Thursday, 25 de April de 2024 ISSN 1519-7670 - Ano 24 - nº 1284

Os indicadores escondidos

Uma olhada no noticiário sobre indicadores do mercado revela um fenômeno que tem sido omitido pela imprensa: ao contrário de períodos eleitorais anteriores, nos quais a figura do atual presidente Luiz Inácio Lula da Silva assombrava investidores, agora há sinais de que é a oposição ao governo presente que provoca calafrios em setores importantes da economia.


A Folha de S.Paulo registra alguns dados na edição de sexta-feira (15/10), mas é a leitura dos jornais especializados em negócios e economia e dos cadernos de negócios dos principais diários que se observa o fato.

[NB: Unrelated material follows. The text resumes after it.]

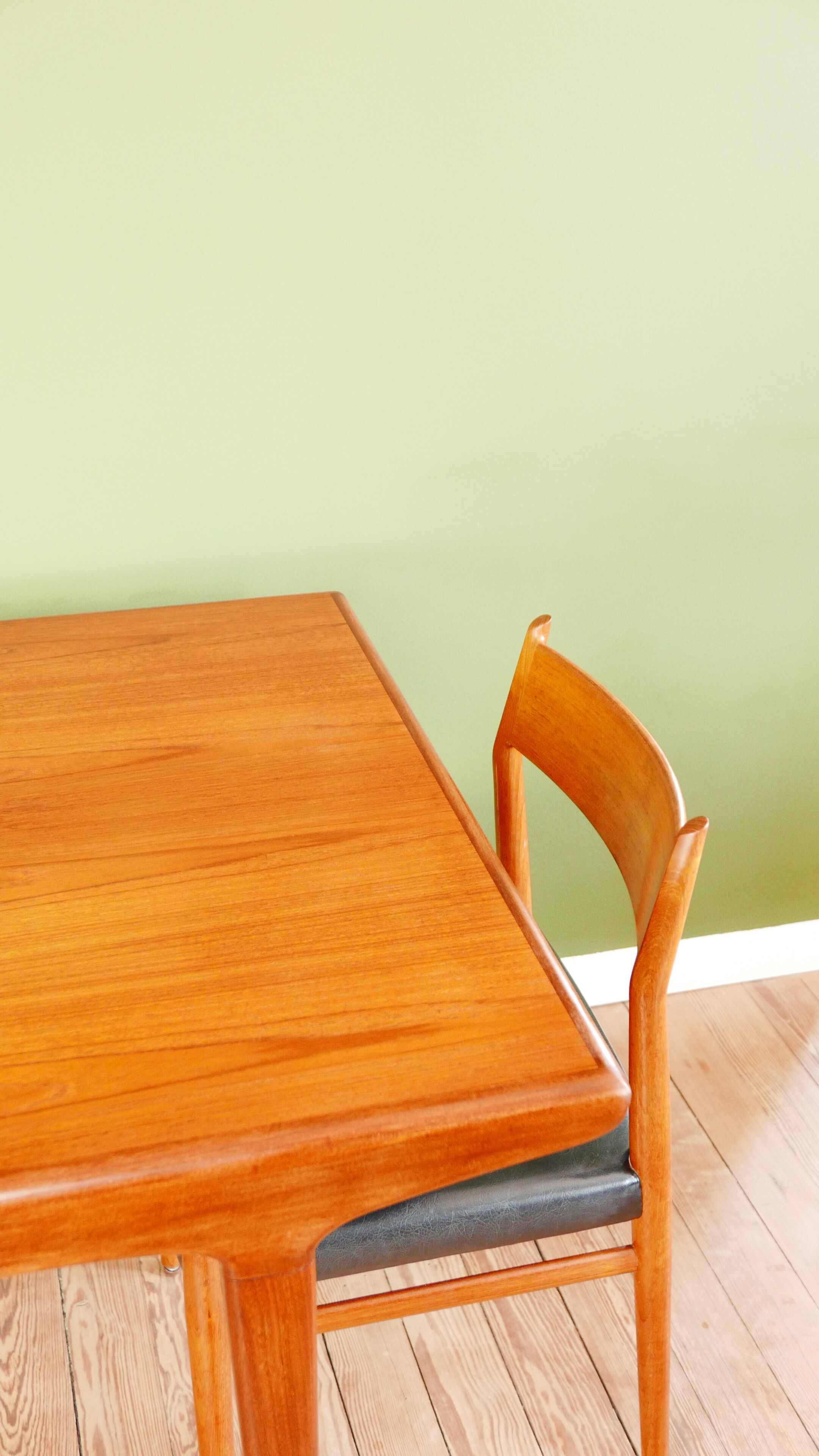 Table vintage Johannes Andersen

Ao mesmo tempo, pode-se constatar que, desde o dia 4 de outubro, quando os jornais abriram manchetes para destacar a certeza do segundo turno, a imprensa tradicional vem escondendo alguns dados da economia, como o novo recorde na criação de empregos com carteira assinada.


Leitor isolado


O fato relevante da semana é que, comparado a 2004, o número de trabalhadores com carteira assinada dobrou em 2010, passando de 52% do total da mão de obra, com detalhes como a persistência do emprego informal na zona rural e dificuldades para a regularização de empregados na construção civil.


A notícia foi simplesmente omitida dos leitores, ou escondida bem longe do material sobre a campanha eleitoral. Esse fato foi destaque apenas em jornais especializados, como o Brasil Econômico, que o publicou na primeira página.

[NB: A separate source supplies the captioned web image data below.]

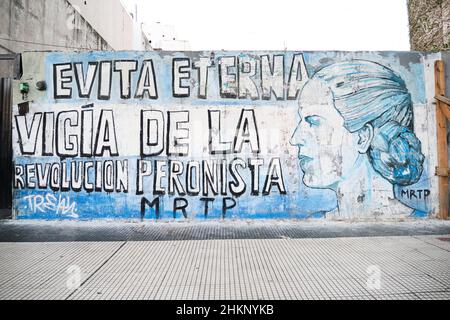 Buenos Aires, Argentinien; 24. September 2021: Wandgemälde mit der argentinischen Flagge, dem Porträt von Eva Peron und dem Text Evita, ewiger Wachturm der Stockfoto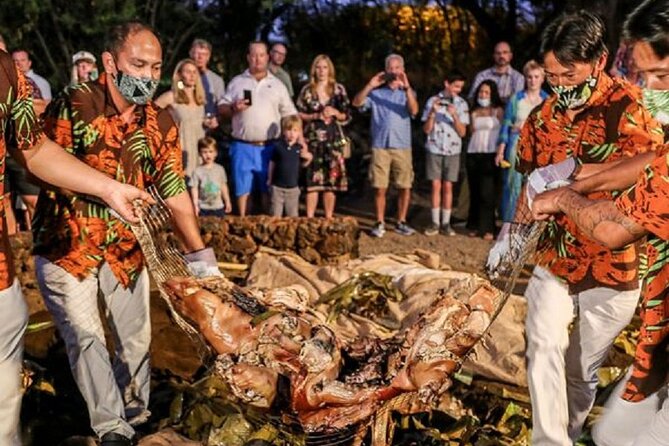 Hale Hoaloha Luau at the Mauna Lani - Experience and Entertainment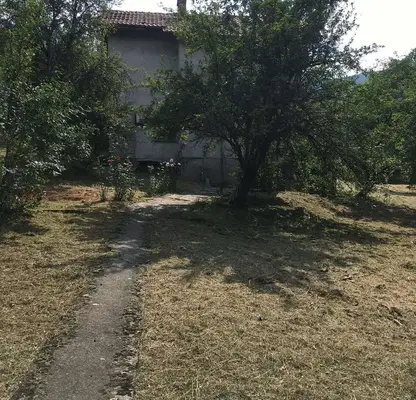 Photo 4 — House in Pernik, Klenovik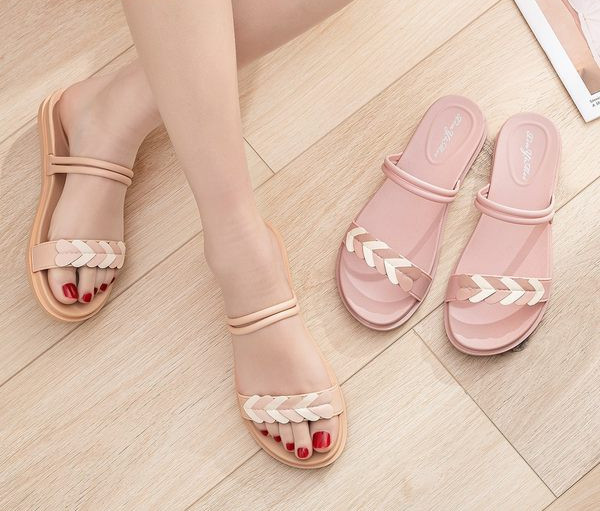 Novi model ženskih papuča od umjetne kože sa ravnim đonom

Valor Econômico produziu a única reportagem ampla e explícita sobre os efeitos da disputa eleitoral nos negócios, publicando a opinião de executivos sobre uma eventual vitória do candidato oposicionista José Serra. Pelo que se pode concluir desse levantamento, o mercado prefere que não haja mudanças, embora alguns setores, como o de energia, tenham reagido favoravelmente às pesquisas que indicam o crescimento da candidatura da oposição.


Mas o leitor comum, aquele que lê apenas um jornal, quando muito, fica isolado das informações mais relevantes, e vai às urnas tangido pelo barulho dos marqueteiros, que a imprensa tradicional reproduz e amplifica.


O noticiário exilado


Já se disse aqui que, quando começam as campanhas eleitorais no Brasil, a primeira coisa que sai de cena é a verdade. Pode-se afirmar, também, que a primeira coisa que a imprensa abandona durante disputas eleitorais é o jornalismo de qualidade.


Uma busca em jornais de setembro até esta data, comparada aos meses anteriores, revela que até mesmo o noticiário econômico se ressente do novo critério de edição que se estabelece na chamada grande imprensa quando começa o jogo das urnas.


O exílio do noticiário econômico, escondido sob a avalancha de declarações e opiniões em torno da campanha eleitoral, pode servir ao propósito imediato das grandes empresas de mídia, de interferir na disputa e definir o resultado das urnas. Mas pode comprometer sua credibilidade para o futuro.


É de se perguntar quanto a recente democracia brasileira também poderá se ressentir de uma circunstância na qual o Brasil real fica alijado dos debates, e os temas centrais da nacionalidade são substituídos por factóides elaborados nas salas dos marqueteiros.


Essas figuras de cenário, que só se tornam visíveis nesse período da vida nacional, transformam-se nos personagens mais poderosos da República, capazes de fazer um ateu convicto posar de beato e de enterrar as mais concretas convicções de velhos militantes progressistas.


Ao adotar a posição subalterna de aceitar ser dirigida por interesses eleitorais, a imprensa pode estar acelerando o processo gerado pelas novas tecnologias de comunicação e informação, que promovem a substituição de antigas marcas do jornalismo pelos formatos mais dinâmicos das redes sociais.


Assim como produzem efeitos no estado de espírito dos eleitores durante uma campanha aquecida por boatos, esses meios também servem como antídoto para o noticiário da chamada grande imprensa, estabelecendo-se um confronto que no longo prazo prejudica os veículos tradicionais.


Sabe-se agora que a eleição será definida nos detalhes, por estreita margem de votos. As duas semanas que restam para a decisão serão cruciais para os dois candidatos. Claramente posicionada em favor de um deles, tudo indica que a imprensa vai forçar a mão como nunca se viu por aqui.


Dois dias antes da eleição, vai ocorrer o debate final, e a interpretação do que ali se desenrolar pode ser decisiva para muitos eleitores. Já aconteceu antes e nada impede que aconteça outra vez a manipulação explícita dos fatos.


Nunca foi tão necessário observar a imprensa com olhos críticos.